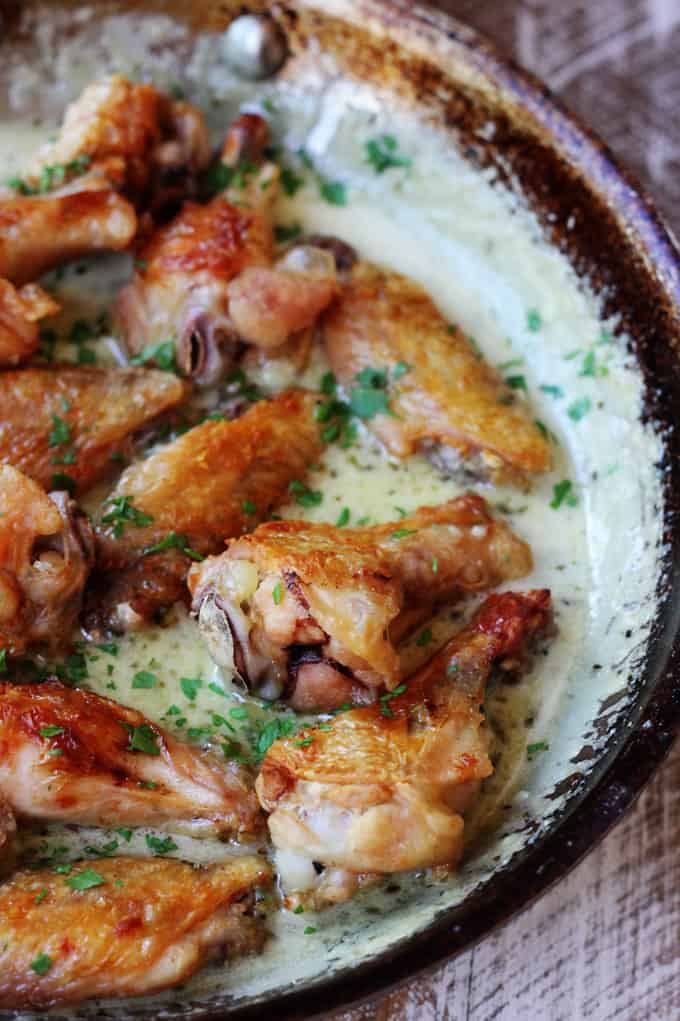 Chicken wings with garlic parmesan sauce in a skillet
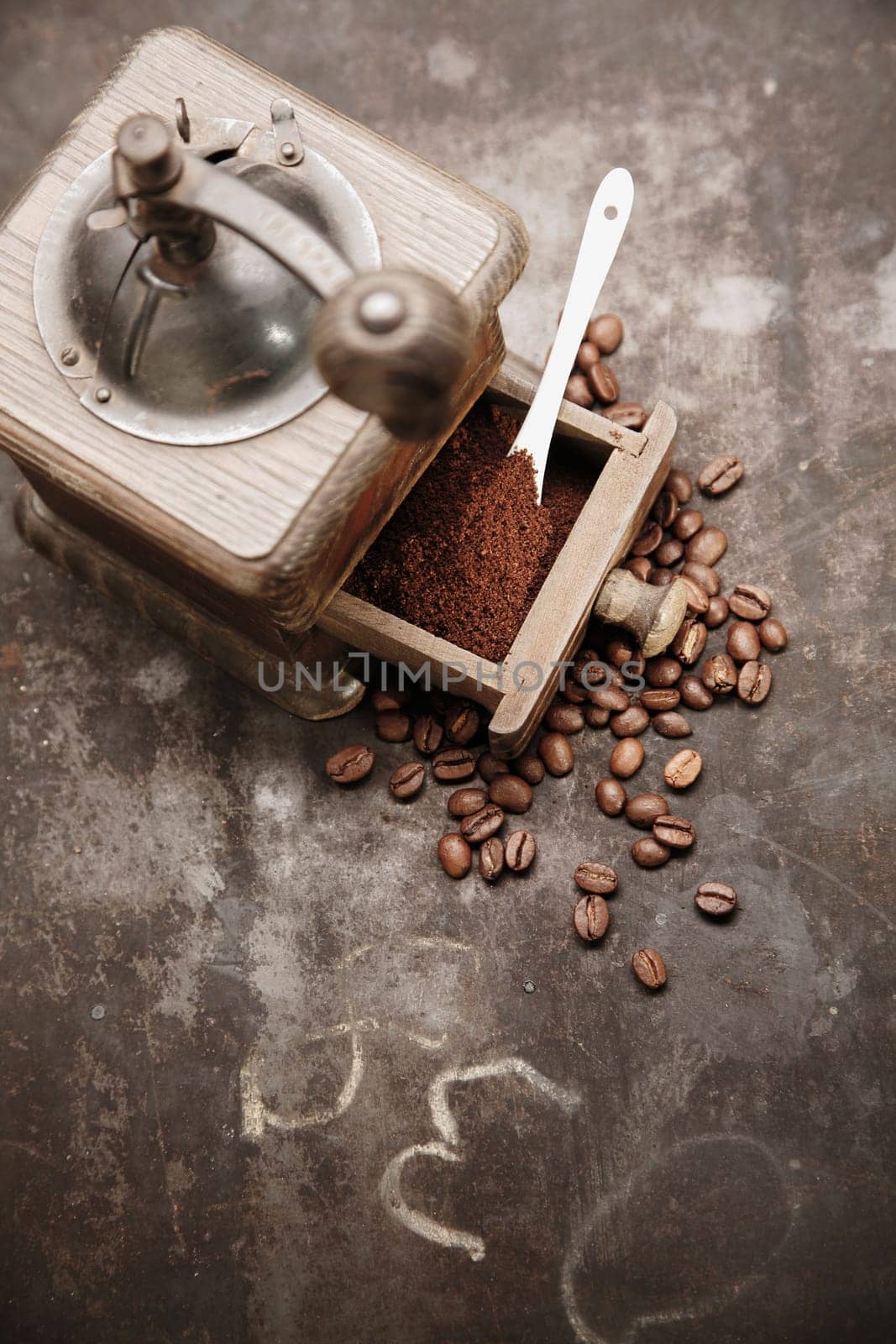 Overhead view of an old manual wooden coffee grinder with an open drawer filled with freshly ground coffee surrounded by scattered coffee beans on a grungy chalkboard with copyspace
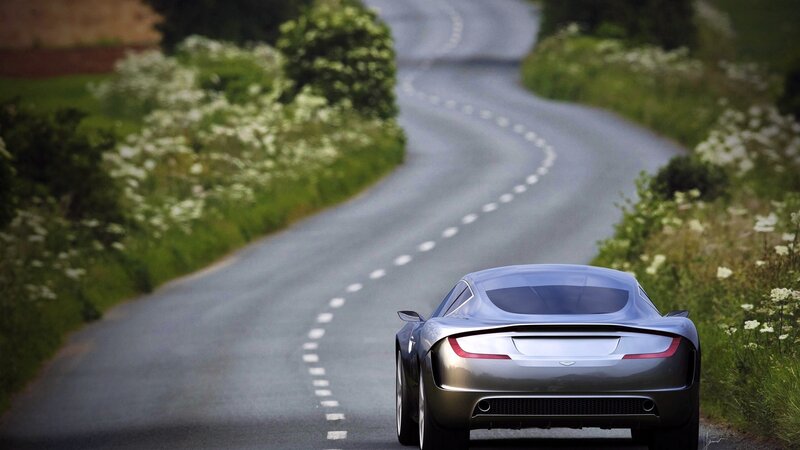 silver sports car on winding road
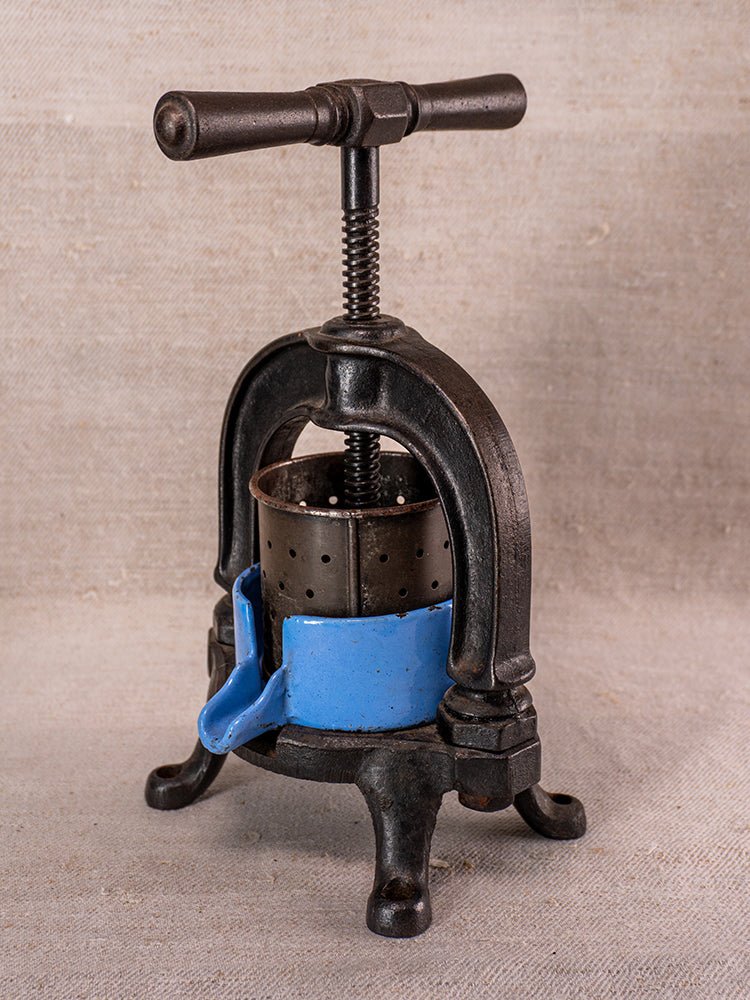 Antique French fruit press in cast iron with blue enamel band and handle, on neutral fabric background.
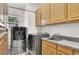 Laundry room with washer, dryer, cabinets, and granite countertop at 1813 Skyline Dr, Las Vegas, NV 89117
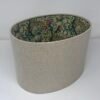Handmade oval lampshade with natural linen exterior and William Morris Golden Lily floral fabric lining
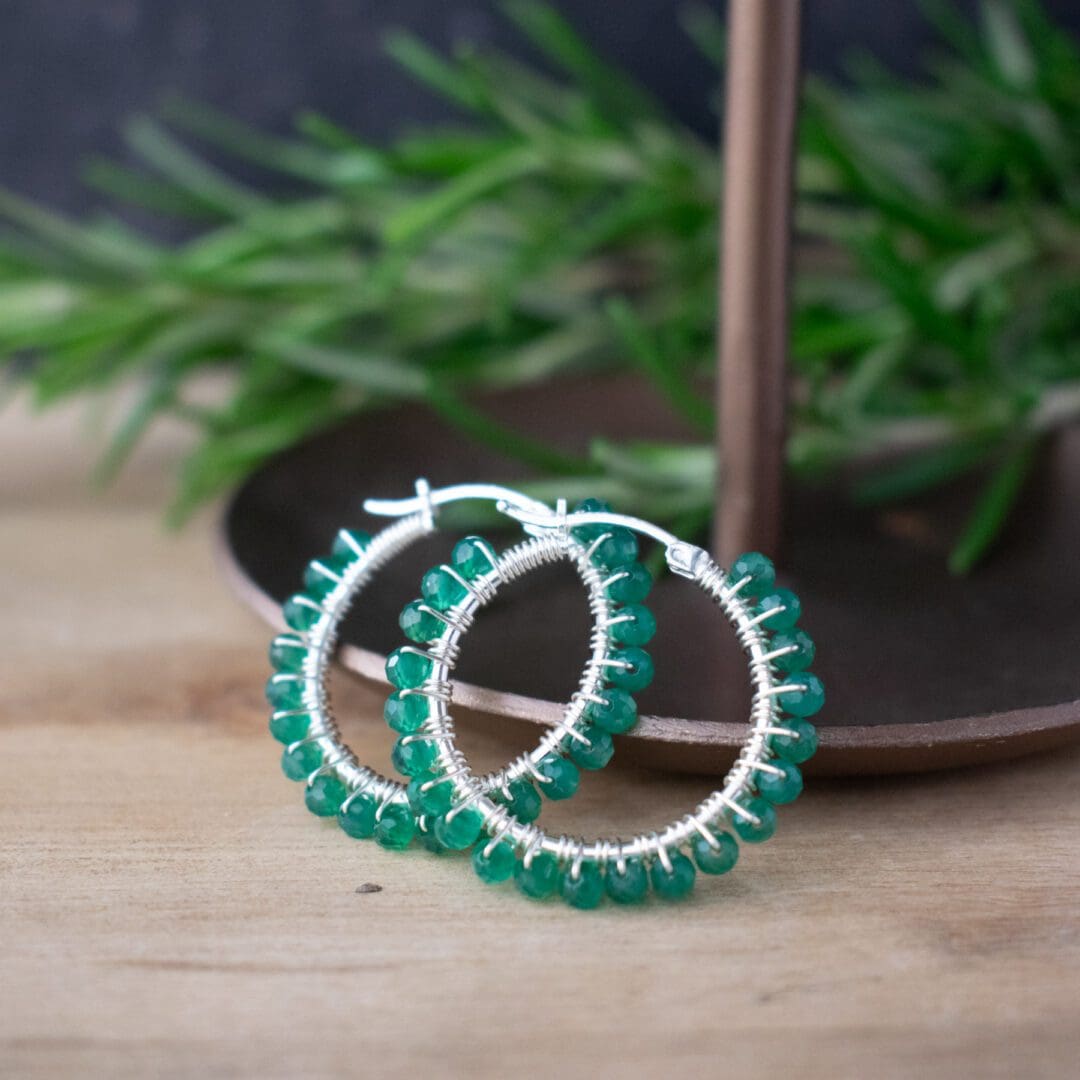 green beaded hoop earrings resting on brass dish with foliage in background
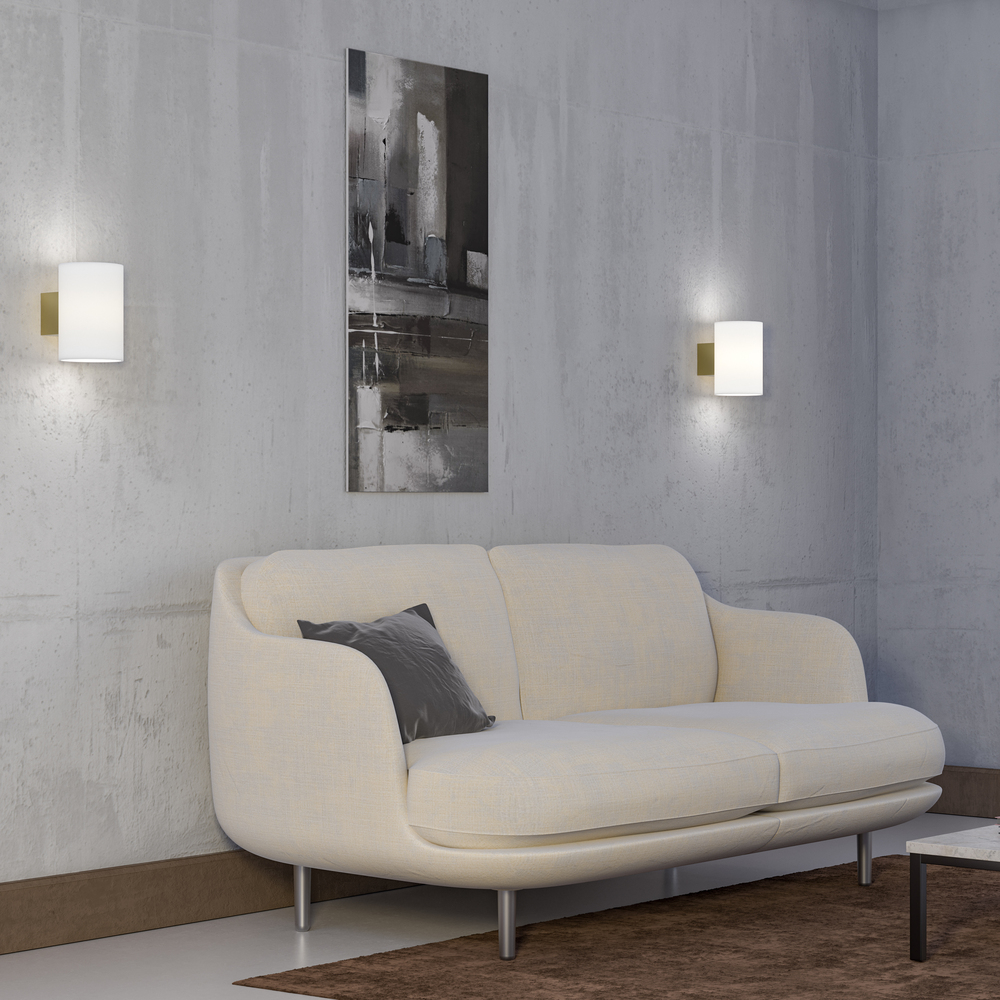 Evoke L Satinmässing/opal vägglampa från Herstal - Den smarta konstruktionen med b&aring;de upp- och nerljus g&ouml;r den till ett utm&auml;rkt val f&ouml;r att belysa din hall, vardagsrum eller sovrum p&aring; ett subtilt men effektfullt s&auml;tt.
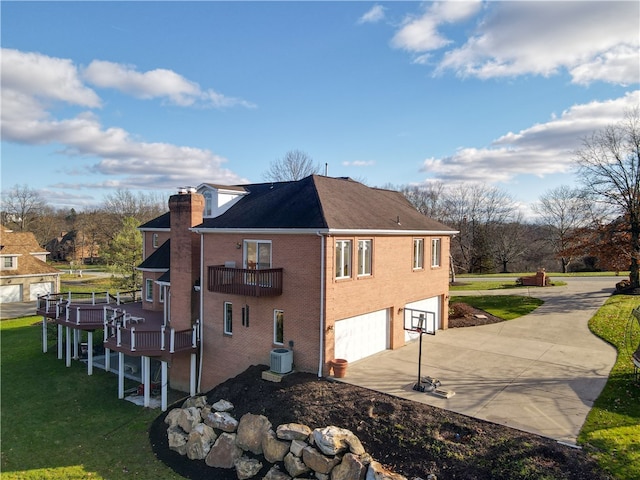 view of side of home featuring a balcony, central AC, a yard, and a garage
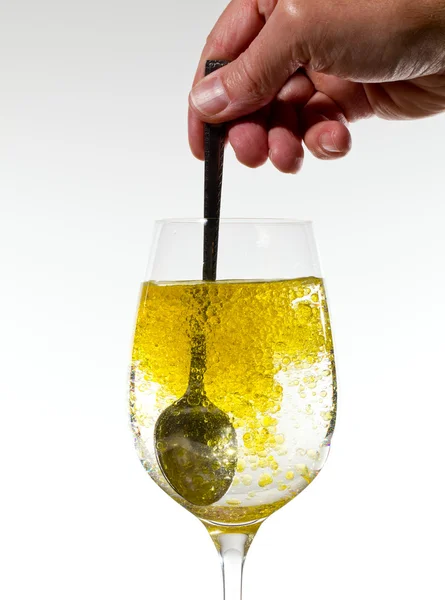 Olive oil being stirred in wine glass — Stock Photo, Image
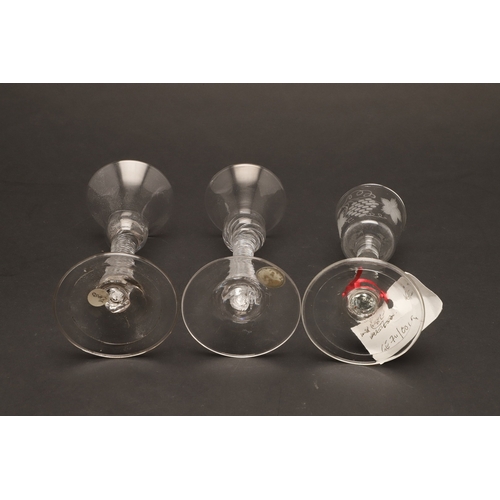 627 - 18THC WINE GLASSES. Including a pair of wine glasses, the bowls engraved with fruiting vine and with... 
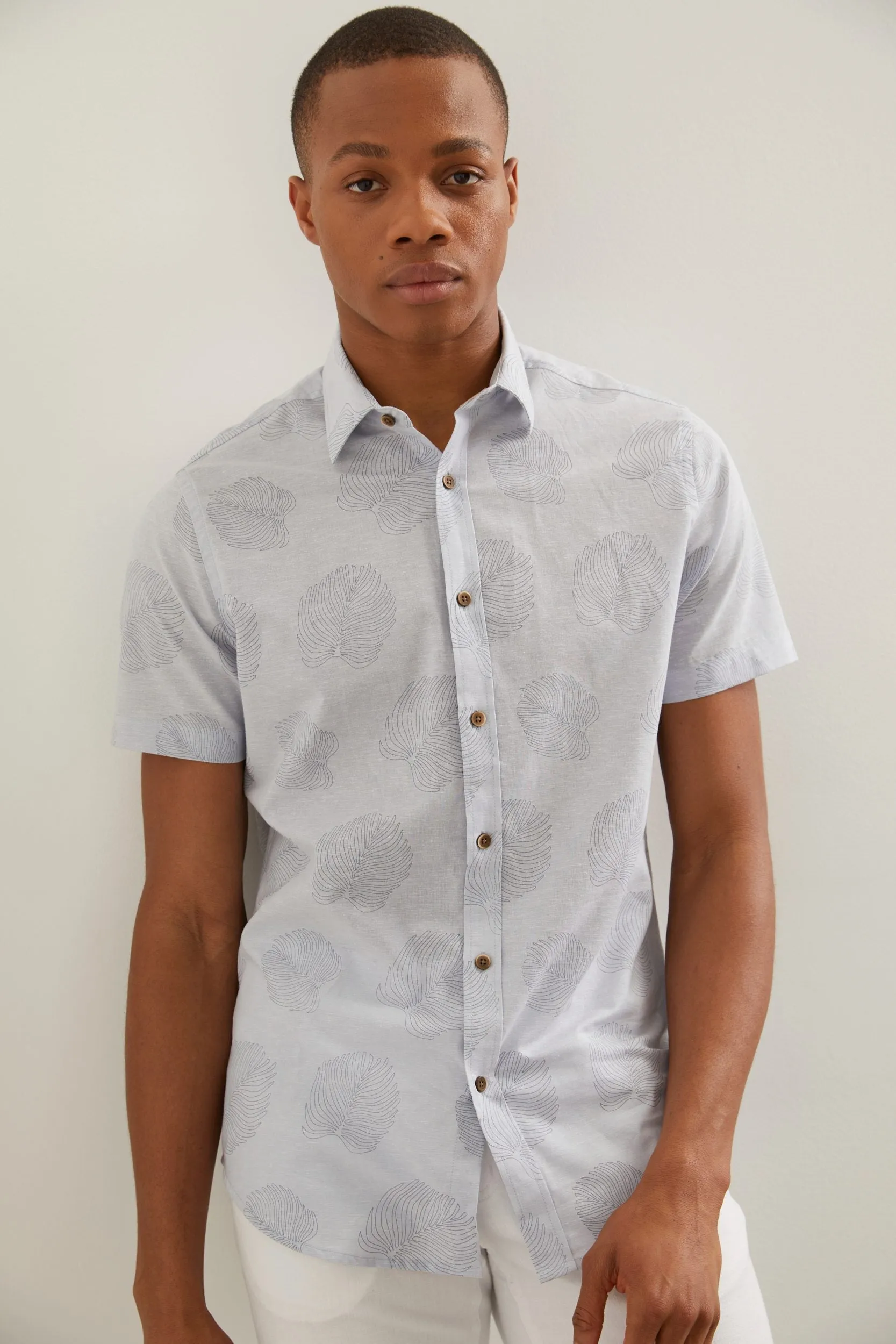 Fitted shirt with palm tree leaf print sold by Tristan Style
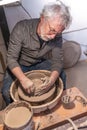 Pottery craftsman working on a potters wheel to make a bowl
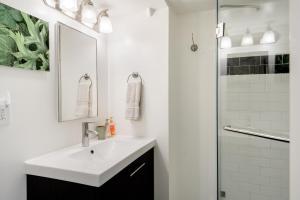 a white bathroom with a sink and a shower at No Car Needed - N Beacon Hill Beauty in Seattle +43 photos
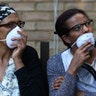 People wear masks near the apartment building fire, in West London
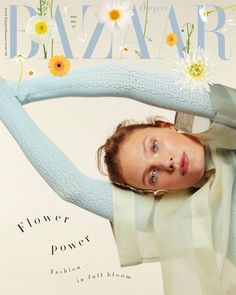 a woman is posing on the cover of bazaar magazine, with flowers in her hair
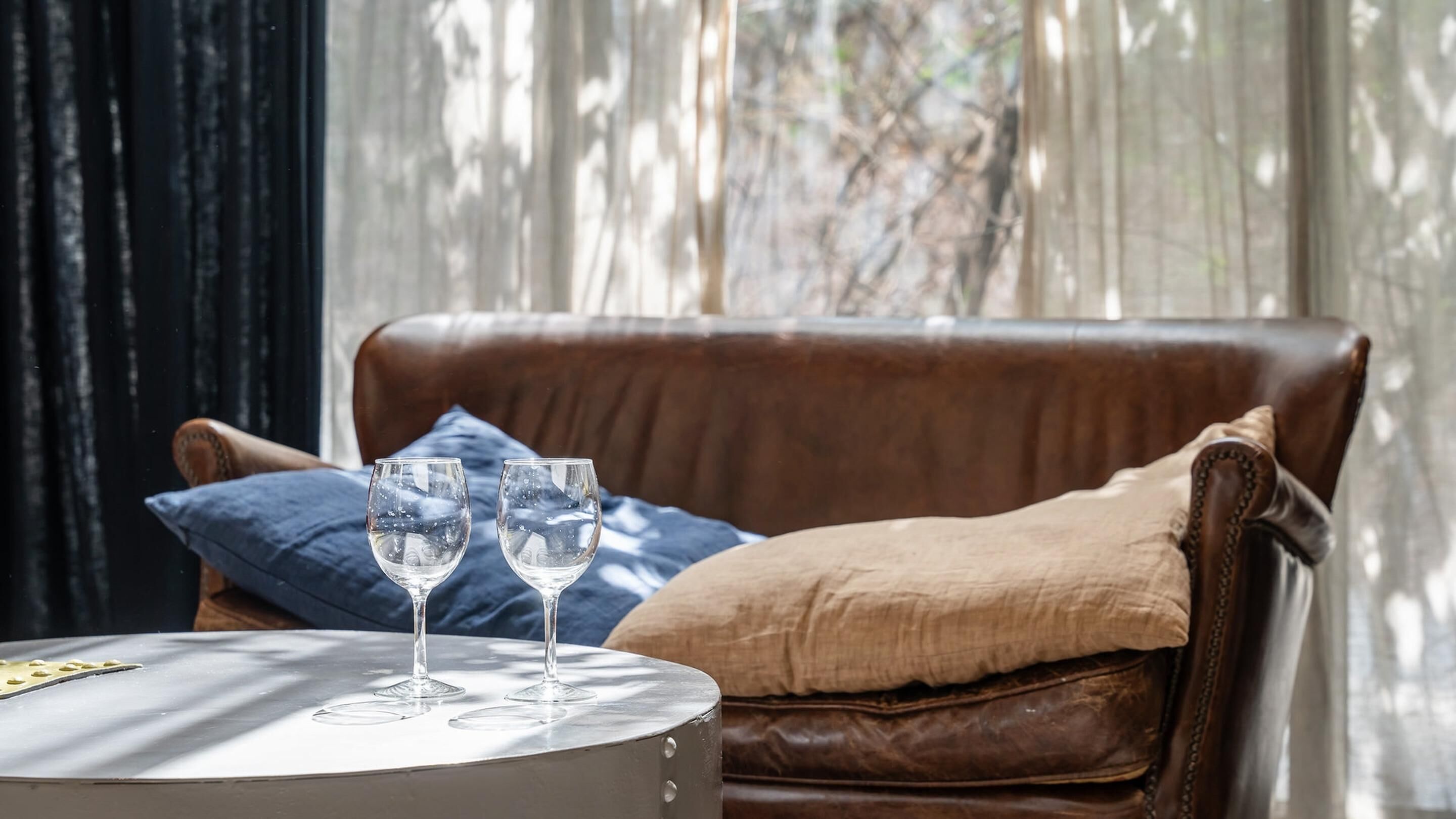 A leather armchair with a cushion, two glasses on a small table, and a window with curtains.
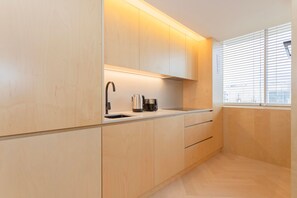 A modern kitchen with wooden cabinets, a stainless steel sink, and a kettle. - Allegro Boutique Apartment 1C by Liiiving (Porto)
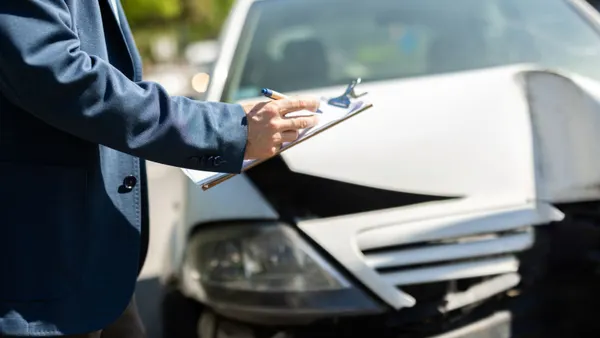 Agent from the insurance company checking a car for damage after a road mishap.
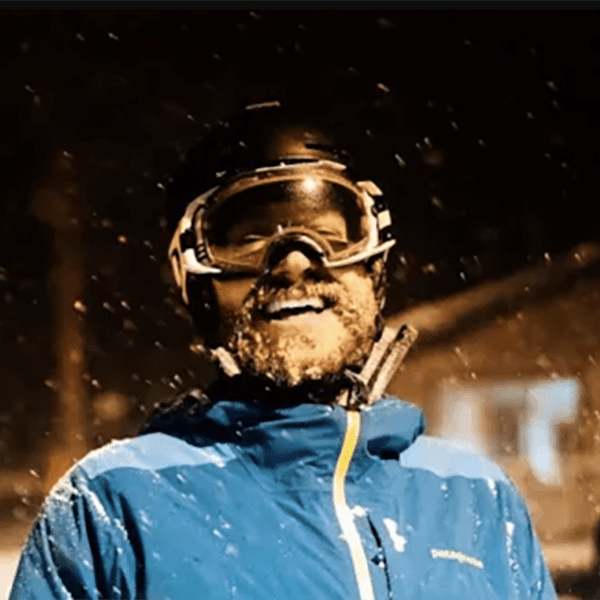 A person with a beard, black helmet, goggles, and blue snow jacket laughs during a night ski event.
──────
Output only the lines above from the line that holds "Laundry room with" through the line that holds "green beaded hoop", both ends included, and exclude pictures.

 Laundry room with washer, dryer, cabinets, and granite countertop at 1813 Skyline Dr, Las Vegas, NV 89117
Handmade oval lampshade with natural linen exterior and William Morris Golden Lily floral fabric lining
 green beaded hoop earrings resting on brass dish with foliage in background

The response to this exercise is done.